6. Hurricane Michael

On October 10, 2018, Hurricane Michael made landfall in the Florida Panhandle, which resulted in widespread damage to the area. The majority of the Company’s properties incurred minimal or no damage; however the Company’s Bay Point Marina in Bay County and Port St. Joe Marina in Gulf County, as well as certain timber and commercial leasing assets were impacted. The marinas suffered significant damage requiring long-term restoration and will remain closed during the reconstruction of significant portions of these assets, which is currently underway.

The Company maintains property and business interruption insurance, subject to certain deductibles, and is currently assessing claims under such policies; however, the timing and amount of insurance proceeds are uncertain and may not be sufficient to cover all losses. Timing differences are likely to exist between the impairment losses, capital expenditures made to repair or restore properties and recognition and receipt of insurance proceeds reflected in the Company’s financial statements.

GAAP guidance provides that property damaged by a natural disaster be evaluated for impairment loss in the period the loss occurs, recording an insurance receivable for the lesser of the expected net insurance recovery or the net book value of damaged assets that are planned to be replaced. Insurance recoveries for business interruption, clean-up and demolition costs, post-event costs or property damage in excess of net book value will be recognized in income in the period received or when all contingencies associated with the recoveries are resolved and the insurance companies have committed to a recovery amount. The impairment loss represents the Company’s estimate of property damage. The Company is continuing to make a full assessment of the extent of the impact.

During the fourth quarter of 2018, the Company recorded a loss on disposal of assets related to the net book value of the marinas and certain forestry and commercial leasing assets. During the three months ended March 31, 2019, the Company recognized $0.3 million of insurance proceeds, included in other income, net on the condensed consolidated statements of income. As of March 31, 2019 and December 31, 2018, accounts receivable, net included $0.9 million and $6.7 million, respectively, related to insurance proceeds the Company believes is probable of receipt. The insurance proceeds receivable are included in other assets on the condensed consolidated balance sheets.

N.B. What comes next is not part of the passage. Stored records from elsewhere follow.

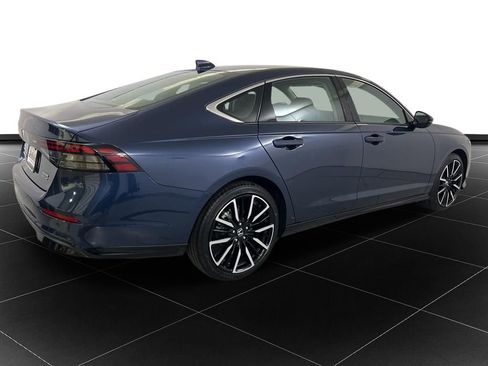 New 2026 Honda Accord Touring image 5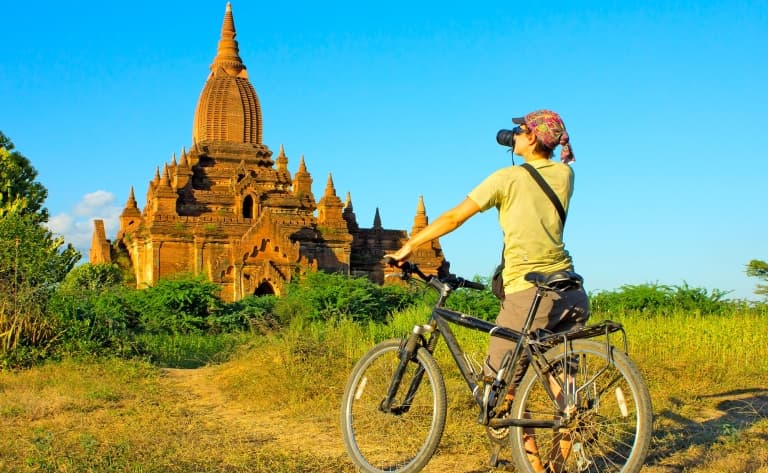 En vélo parmi les pagodes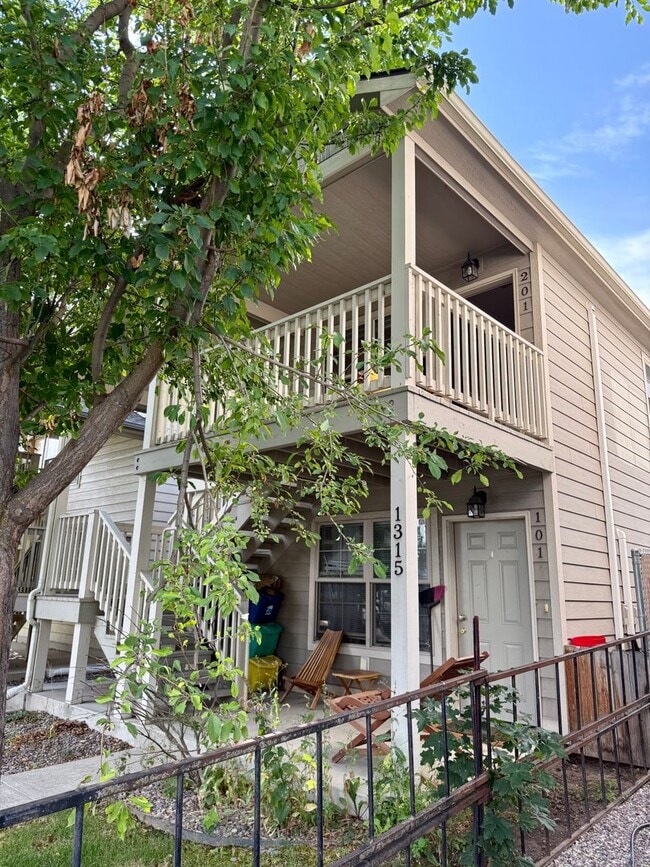 Building Photo - 1315 Montana St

During the three months ended March 31, 2019, the Company has incurred costs of $0.3 million for additional hurricane expenses for repairs, clean-up costs, landscape repairs, demolition costs, professional fees and temporary housing for employees included in other income, net on the condensed consolidated statements of income. No insurance recoveries have been recorded for these costs, however some of these costs may be covered by business interruption or property insurance.

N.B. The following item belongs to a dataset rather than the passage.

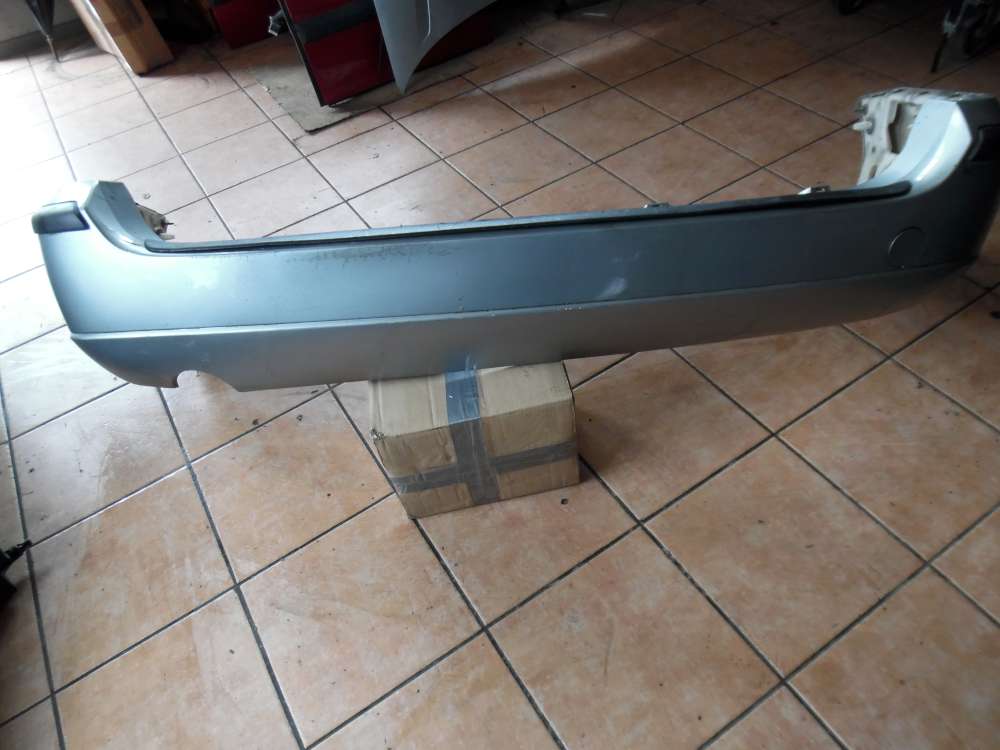 Ford-Focus I Kombi Stoßstange Hinten Silber Metallic D1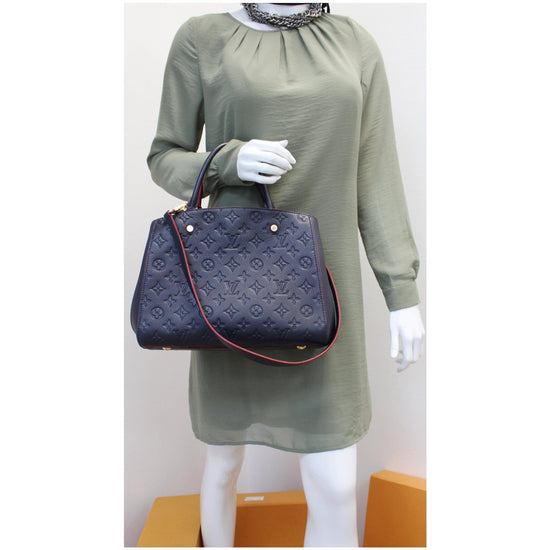 Montaigne leather handbag Louis Vuitton Navy in Leather - 34483932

Costs incurred due to business interruption, primarily at the marinas, are currently being evaluated. The Company does not expect revenue at these locations until the properties have been rebuilt, but will incur costs for employee retention and property maintenance. As of March 31, 2019,  no insurance proceeds have been recorded related to business interruption insurance.

The Company expects that its results of operations related to the marinas and timber assets will be impacted in the near term.

Subsequent to March 31, 2019, the Company received the $0.9 million of insurance proceeds receivable as of March 31, 2019 from its insurance carriers for property damage.